Batching

Question

Batching

itolosa opened this issue a year ago · 18 comments

Hi there,

I've been working with this library for a while, and I'm using it to query an endpoint that is capable of receive multiple queries at once. The API returns responses in the same order as requested.

I've found this feature is implemented by other libraries under the name of Batching. And I've successfully implemented this in Python too. My question is, have you considered this already, are you accepting PRs for this?

I'd be glad to contribute

Answer 1 · 2023-09-01T21:11:22.000Z

Something like transport-level batching? Yes, that could be useful.

Do you know a public GraphQL server configured for this that we could use for tests?
On which transport do you plan to implement this?

You would probably need to create execute_batch, execute_batch_sync, execute_batch_async methods in client.py which have the same arguments as the execute methods but taking in argument a list of documents, variable_values and operation_names instead of a single element and returning a list of answers.

Any help is greatly appreciated. Please check the CONTRIBUTING.md file. The PR needs to have 100% test code coverage to be accepted.

Answer 2 · 2023-09-01T21:26:25.000Z

Do you know a public GraphQL server configured for this that we could use for tests?

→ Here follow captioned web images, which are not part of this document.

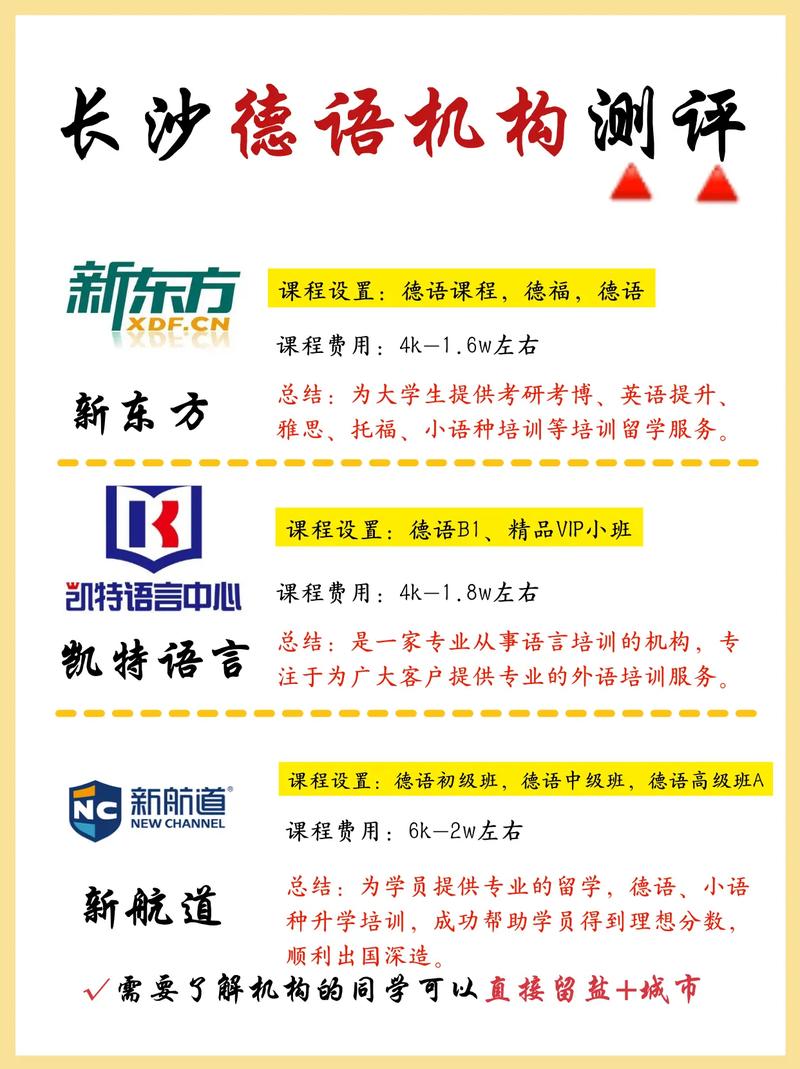 湖南省哪里有学德语的学校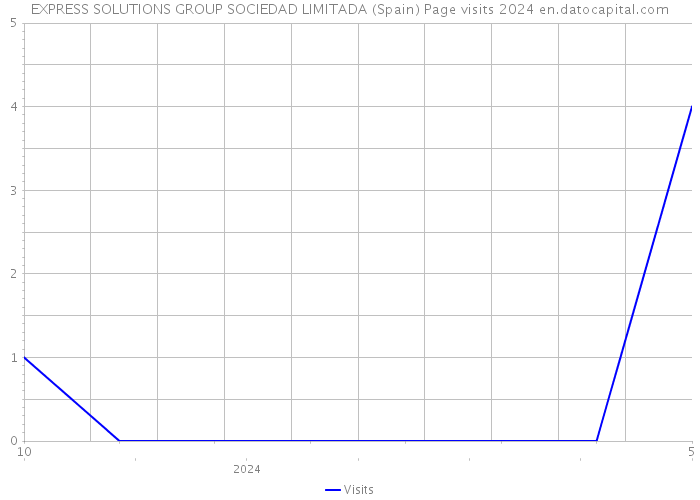 EXPRESS SOLUTIONS GROUP SOCIEDAD LIMITADA (Spain) Page visits 2024 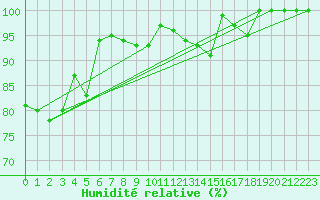 Courbe de l'humidit relative pour Ilomantsi Mekrijarv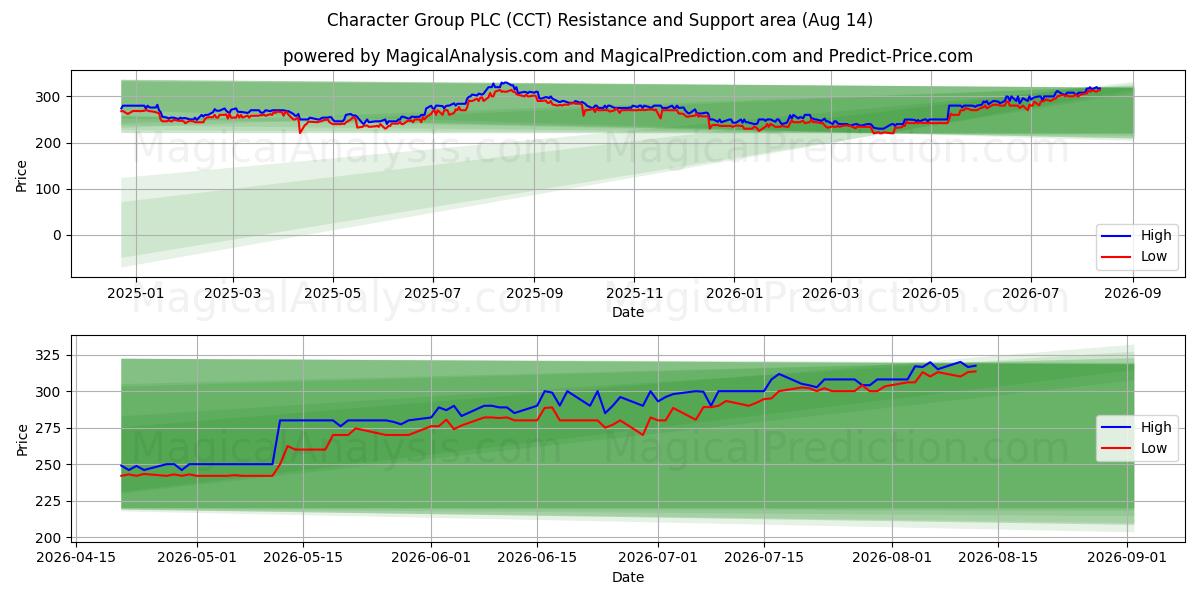  Character Group PLC (CCT) Support and Resistance area (13 Aug) 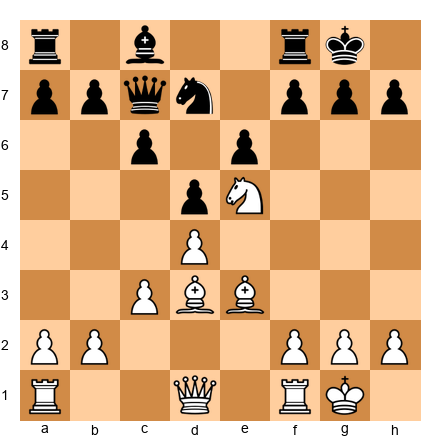 Chess Position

I have one from a crypto exchange. We just need to generate a token but's pretty straightforward, I've managed to obtain one using a temporary email.

On which transport do you plan to implement this?

I'd create another transport that derives from the http / requests. In my case BatchingTransport

Actually, I have a working prototype of this on another public repo with 100% coverage, using the github ci tool. I've used github secrets to store the api token.

I've used threads and futures to implement this, but we could do better than that. As a prototype though it's ok.

You have to use the execution result instead of dict to keep an open communication within the transport processor.

Check out this:

https://github.com/itolosa/orionx-api-client/blob/master/orionx_api_client/transports/batch.py

The client should care to not wait for the data from the execution result, So part of the validation should be split to outside of it, as a helper function. In my case called as_completed

Answer 3 · 2023-09-01T21:40:10.000Z

I'm sorry, I've realized I haven't explained myself enough

My implementation uses the same client you have, it receives a single document each time, but the clever thing is that if you execute it many times in a row on a short period of time, then a little delay in the transport code allows to pack the documents together before sending the entire batch to the server. So every time you receive an execution, the transport is waiting in another thread for extra documents in a queue. After this short waiting, the batcher start processing, and it repeats the cycle. Every result is sent to the client using an special ExecutionResult that has a future injected though the constructor in order to achieve lazy loading, so it fetches and wait for the result of the future if and only if you get a value from it. The transport returns each one of the responses in the list received from the server using the future: .set_result or .set_exception

I hope I've explained myself enough, if not let me know, I'm glad to contribute

Answer 4 · 2023-09-02T00:09:30.000Z

I see.

So you want to mix two different things:

batching (to merge multiple queries in a single one)
lazy loading (to avoid needing to send a query if the result is not used)

It's too bad you want to do that with a sync transport as that would have been much more straightforward with async...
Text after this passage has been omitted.